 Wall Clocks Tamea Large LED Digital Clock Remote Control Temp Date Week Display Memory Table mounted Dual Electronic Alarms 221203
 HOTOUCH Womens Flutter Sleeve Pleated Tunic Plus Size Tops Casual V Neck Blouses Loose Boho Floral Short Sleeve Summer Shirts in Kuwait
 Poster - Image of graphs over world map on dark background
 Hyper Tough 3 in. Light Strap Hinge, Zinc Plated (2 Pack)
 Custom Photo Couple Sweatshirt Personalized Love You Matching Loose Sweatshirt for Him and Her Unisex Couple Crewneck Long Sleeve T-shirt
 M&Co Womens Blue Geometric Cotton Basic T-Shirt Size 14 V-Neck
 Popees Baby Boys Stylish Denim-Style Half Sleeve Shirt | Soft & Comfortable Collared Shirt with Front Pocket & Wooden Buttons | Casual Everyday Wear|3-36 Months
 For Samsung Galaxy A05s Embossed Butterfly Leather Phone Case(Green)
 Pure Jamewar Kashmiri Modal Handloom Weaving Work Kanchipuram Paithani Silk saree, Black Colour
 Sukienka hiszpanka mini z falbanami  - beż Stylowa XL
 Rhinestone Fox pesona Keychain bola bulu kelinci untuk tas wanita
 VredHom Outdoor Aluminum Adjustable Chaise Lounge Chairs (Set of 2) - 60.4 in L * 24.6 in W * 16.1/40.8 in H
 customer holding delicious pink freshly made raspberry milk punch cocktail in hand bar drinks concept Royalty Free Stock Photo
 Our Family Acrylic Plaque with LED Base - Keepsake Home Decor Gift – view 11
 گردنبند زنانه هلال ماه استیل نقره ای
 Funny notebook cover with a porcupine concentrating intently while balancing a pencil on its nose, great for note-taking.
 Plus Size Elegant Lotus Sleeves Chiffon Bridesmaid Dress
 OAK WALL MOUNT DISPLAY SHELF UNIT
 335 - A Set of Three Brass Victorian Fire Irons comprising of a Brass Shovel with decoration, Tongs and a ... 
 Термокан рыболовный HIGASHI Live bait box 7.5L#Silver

Exercise goal. From the line holding "Plus Size Elegant" to the last line of the records, quote each line exactly and add nothing.

Answer to the problem.
 Plus Size Elegant Lotus Sleeves Chiffon Bridesmaid Dress
 OAK WALL MOUNT DISPLAY SHELF UNIT
 335 - A Set of Three Brass Victorian Fire Irons comprising of a Brass Shovel with decoration, Tongs and a ... 
 Термокан рыболовный HIGASHI Live bait box 7.5L#Silver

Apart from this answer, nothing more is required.